House Bill 1119, known as the Materials Harmful to Minors bill, would amend Florida Statute Section 1006.28. It’s scheduled to be heard Wednesday in the full House where representatives can add amendments. An identical bill was introduced Jan. 22 in the Senate, but has yet to be heard in any of its committees.
HB 1119 aims to remove books and other materials from school libraries that depict “nudity, sexual conduct or sexual excitement” that “predominantly appeals to prurient, shameful, or morbid interest” and is “patently offensive to prevailing standards in the adult community as a whole.”

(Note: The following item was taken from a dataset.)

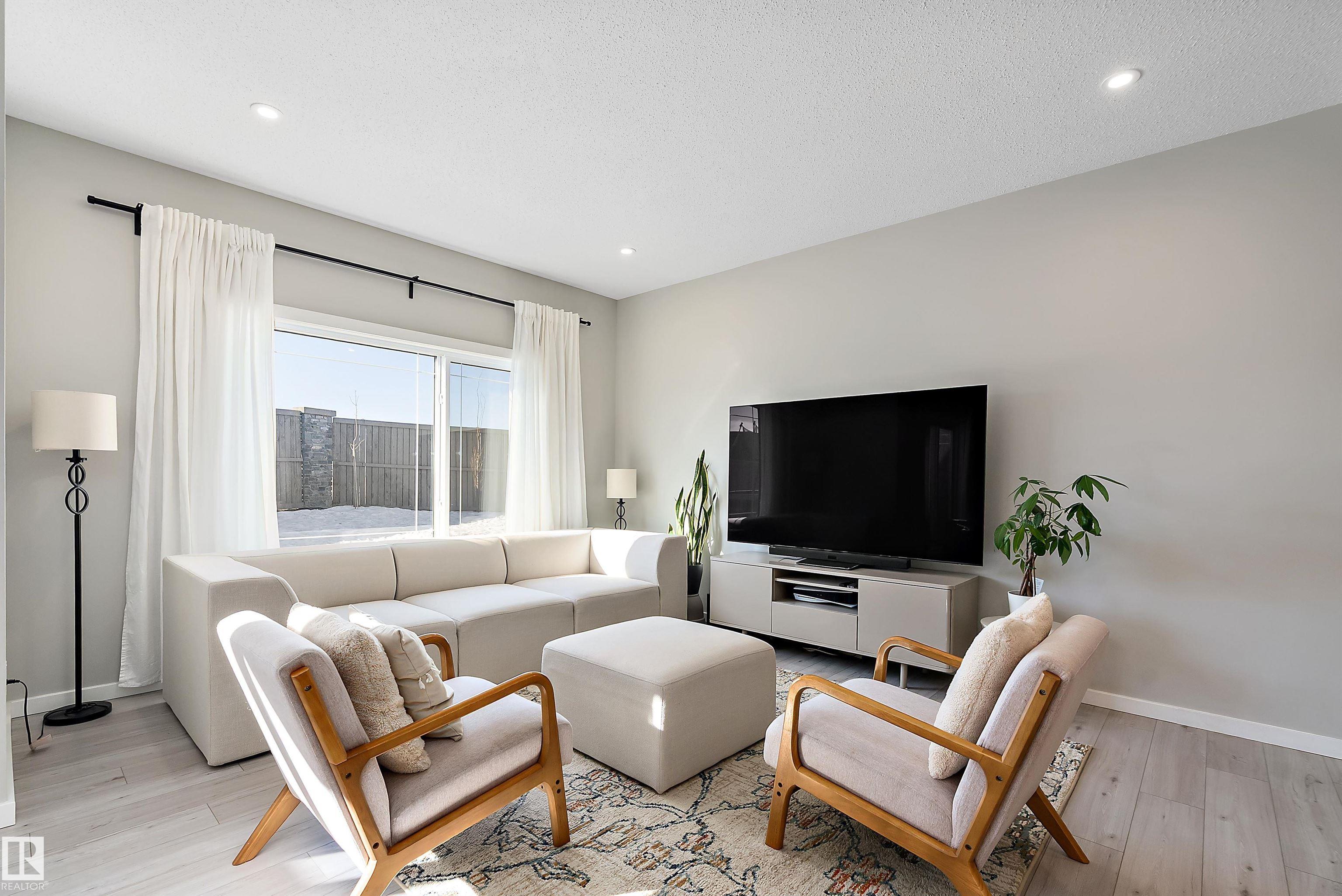 Photo 9 at 197 Larch Crescent, Woodbend, Leduc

Parents and school district residents would be able to object to materials, and school districts would have to remove them within five days pending review. In evaluating a book’s appropriateness, the bill would not allow school districts to consider a work’s “literary, artistic, political or scientific value,” which is the standard established in 1973 by the U.S. Supreme Court, for determining whether works as a whole are obscene. Health education materials would be exempted.

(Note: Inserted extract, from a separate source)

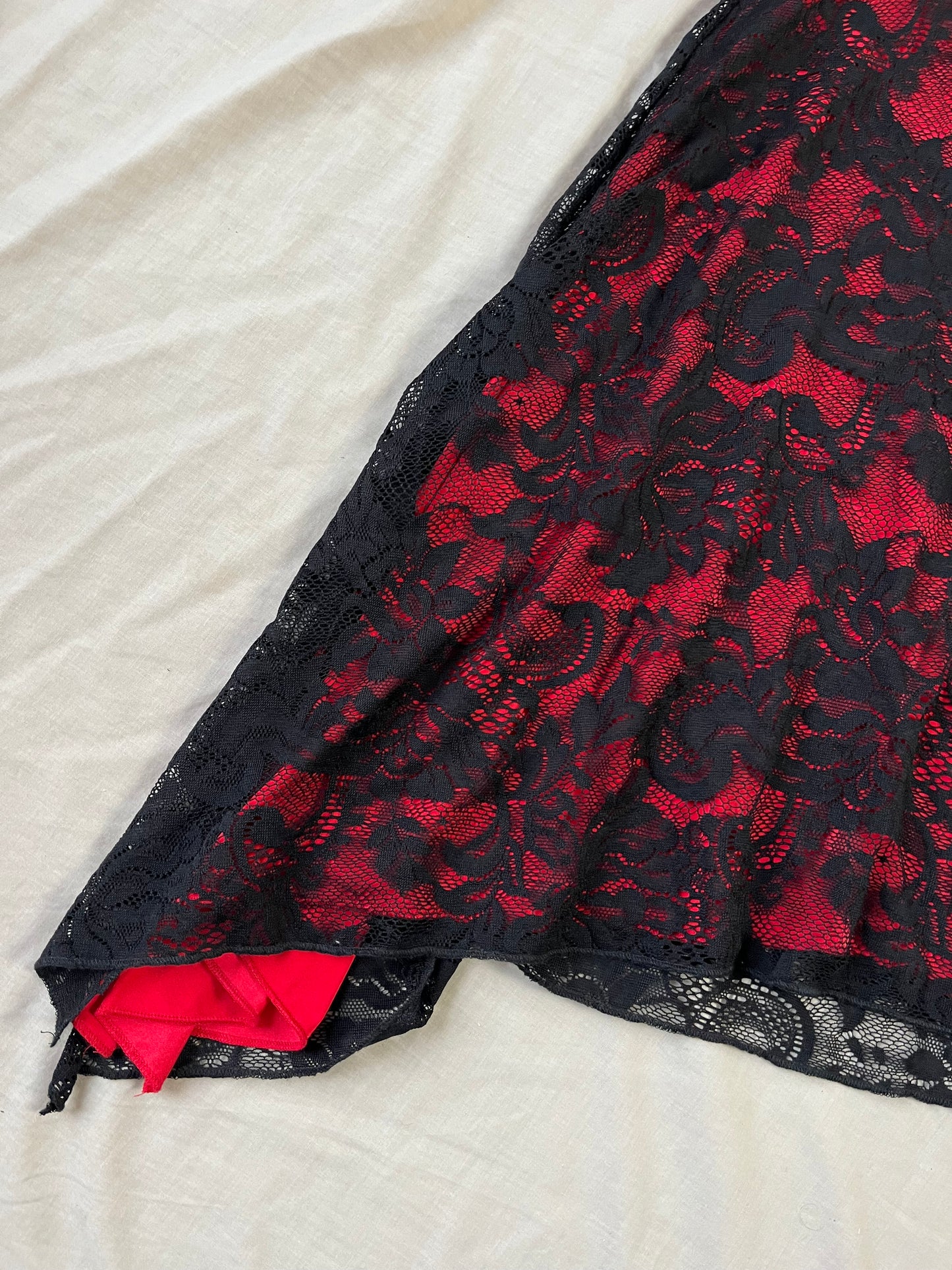 Red/Black Lace Skirt UK 6-10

Bankson, a Republican who represents Winter Garden and Apopka, introduced similar legislation in last year’s session that overwhelmingly passed the Republican-dominated House, but died in the Senate Rules Committee.

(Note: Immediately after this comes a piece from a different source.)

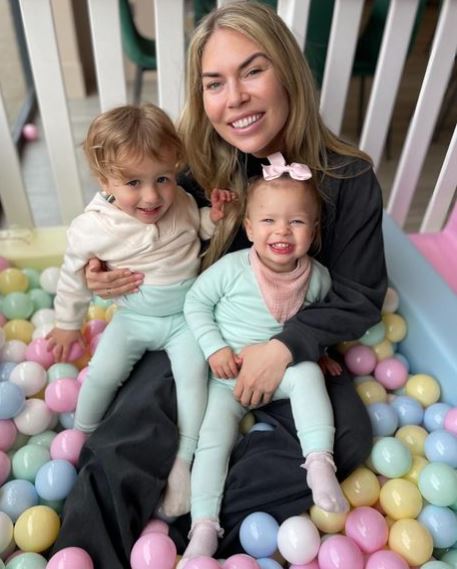 Frankie Essex with her twins Logan and Luella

During the Education & Employment Committee’s Jan. 27 hearing, Bankson stated that parents who have children in public schools should control any material that could be harmful to the child.
“Contrary to inaccurate claims and misinformation that may be circulating, nothing in this legislation addresses banning classical literature or sexual orientation, gender identity, political views, religious issues, vulgarity or bad language, violence or gore,” he said. “This bill solely addresses materials in public schools or school libraries for children that contain obscenity or, in more common terms, blatant pornographic and sexually explicit content.”

He added that parents aren’t prohibited from seeking International Baccalaureate (IB) and Advanced Placement (AP) materials so their children can continue in higher education.
During the hearing, Democratic Rep. Yvonne Hayes Hinson of Gainesville asked Bankson how HB 1119 differs from the bill he introduced last session.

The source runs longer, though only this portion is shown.